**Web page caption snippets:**
• • •

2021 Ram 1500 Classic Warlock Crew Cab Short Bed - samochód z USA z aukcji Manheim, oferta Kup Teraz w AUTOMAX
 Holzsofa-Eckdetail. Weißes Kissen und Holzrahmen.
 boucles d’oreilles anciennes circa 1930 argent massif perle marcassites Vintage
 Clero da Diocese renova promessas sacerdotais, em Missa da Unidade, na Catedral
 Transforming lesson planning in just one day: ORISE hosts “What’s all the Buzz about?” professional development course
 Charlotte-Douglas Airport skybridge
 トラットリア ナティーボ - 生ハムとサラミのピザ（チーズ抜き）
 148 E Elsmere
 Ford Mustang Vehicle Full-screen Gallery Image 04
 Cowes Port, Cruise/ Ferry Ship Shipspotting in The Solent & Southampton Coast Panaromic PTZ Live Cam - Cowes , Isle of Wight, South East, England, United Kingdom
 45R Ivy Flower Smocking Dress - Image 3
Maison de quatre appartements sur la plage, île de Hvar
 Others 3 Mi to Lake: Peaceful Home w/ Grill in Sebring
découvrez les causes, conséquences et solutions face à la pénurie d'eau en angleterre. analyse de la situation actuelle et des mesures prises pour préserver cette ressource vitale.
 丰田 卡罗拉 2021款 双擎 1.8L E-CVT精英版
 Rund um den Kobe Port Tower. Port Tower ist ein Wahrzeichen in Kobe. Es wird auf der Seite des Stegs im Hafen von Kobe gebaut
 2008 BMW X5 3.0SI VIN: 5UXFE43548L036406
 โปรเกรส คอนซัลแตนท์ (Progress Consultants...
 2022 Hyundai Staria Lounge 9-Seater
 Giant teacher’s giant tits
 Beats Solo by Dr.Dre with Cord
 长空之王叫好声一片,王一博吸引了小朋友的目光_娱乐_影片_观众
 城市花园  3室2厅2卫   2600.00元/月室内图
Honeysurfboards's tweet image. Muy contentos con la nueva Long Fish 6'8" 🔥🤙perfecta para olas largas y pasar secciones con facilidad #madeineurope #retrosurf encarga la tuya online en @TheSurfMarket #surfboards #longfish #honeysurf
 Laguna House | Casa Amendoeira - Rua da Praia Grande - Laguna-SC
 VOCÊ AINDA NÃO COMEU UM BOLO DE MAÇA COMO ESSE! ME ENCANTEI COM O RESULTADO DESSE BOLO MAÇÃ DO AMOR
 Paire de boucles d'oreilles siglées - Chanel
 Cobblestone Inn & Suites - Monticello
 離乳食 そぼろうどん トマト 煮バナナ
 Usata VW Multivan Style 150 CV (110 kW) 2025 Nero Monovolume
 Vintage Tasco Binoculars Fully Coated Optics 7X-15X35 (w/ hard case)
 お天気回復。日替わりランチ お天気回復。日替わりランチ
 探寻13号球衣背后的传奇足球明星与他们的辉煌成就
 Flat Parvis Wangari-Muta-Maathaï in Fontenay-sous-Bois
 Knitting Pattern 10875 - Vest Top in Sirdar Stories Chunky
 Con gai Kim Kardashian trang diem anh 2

• • •

**What you need to do:**
Could you output each line above exactly as it was given?

**Exercise result:**
2021 Ram 1500 Classic Warlock Crew Cab Short Bed - samochód z USA z aukcji Manheim, oferta Kup Teraz w AUTOMAX
 Holzsofa-Eckdetail. Weißes Kissen und Holzrahmen.
 boucles d’oreilles anciennes circa 1930 argent massif perle marcassites Vintage
 Clero da Diocese renova promessas sacerdotais, em Missa da Unidade, na Catedral
 Transforming lesson planning in just one day: ORISE hosts “What’s all the Buzz about?” professional development course
 Charlotte-Douglas Airport skybridge
 トラットリア ナティーボ - 生ハムとサラミのピザ（チーズ抜き）
 148 E Elsmere
 Ford Mustang Vehicle Full-screen Gallery Image 04
 Cowes Port, Cruise/ Ferry Ship Shipspotting in The Solent & Southampton Coast Panaromic PTZ Live Cam - Cowes , Isle of Wight, South East, England, United Kingdom
 45R Ivy Flower Smocking Dress - Image 3
Maison de quatre appartements sur la plage, île de Hvar
 Others 3 Mi to Lake: Peaceful Home w/ Grill in Sebring
découvrez les causes, conséquences et solutions face à la pénurie d'eau en angleterre. analyse de la situation actuelle et des mesures prises pour préserver cette ressource vitale.
 丰田 卡罗拉 2021款 双擎 1.8L E-CVT精英版
 Rund um den Kobe Port Tower. Port Tower ist ein Wahrzeichen in Kobe. Es wird auf der Seite des Stegs im Hafen von Kobe gebaut
 2008 BMW X5 3.0SI VIN: 5UXFE43548L036406
 โปรเกรส คอนซัลแตนท์ (Progress Consultants...
 2022 Hyundai Staria Lounge 9-Seater
 Giant teacher’s giant tits
 Beats Solo by Dr.Dre with Cord
 长空之王叫好声一片,王一博吸引了小朋友的目光_娱乐_影片_观众
 城市花园  3室2厅2卫   2600.00元/月室内图
Honeysurfboards's tweet image. Muy contentos con la nueva Long Fish 6'8" 🔥🤙perfecta para olas largas y pasar secciones con facilidad #madeineurope #retrosurf encarga la tuya online en @TheSurfMarket #surfboards #longfish #honeysurf
 Laguna House | Casa Amendoeira - Rua da Praia Grande - Laguna-SC
 VOCÊ AINDA NÃO COMEU UM BOLO DE MAÇA COMO ESSE! ME ENCANTEI COM O RESULTADO DESSE BOLO MAÇÃ DO AMOR
 Paire de boucles d'oreilles siglées - Chanel
 Cobblestone Inn & Suites - Monticello
 離乳食 そぼろうどん トマト 煮バナナ
 Usata VW Multivan Style 150 CV (110 kW) 2025 Nero Monovolume
 Vintage Tasco Binoculars Fully Coated Optics 7X-15X35 (w/ hard case)
 お天気回復。日替わりランチ お天気回復。日替わりランチ
 探寻13号球衣背后的传奇足球明星与他们的辉煌成就
 Flat Parvis Wangari-Muta-Maathaï in Fontenay-sous-Bois
 Knitting Pattern 10875 - Vest Top in Sirdar Stories Chunky
 Con gai Kim Kardashian trang diem anh 2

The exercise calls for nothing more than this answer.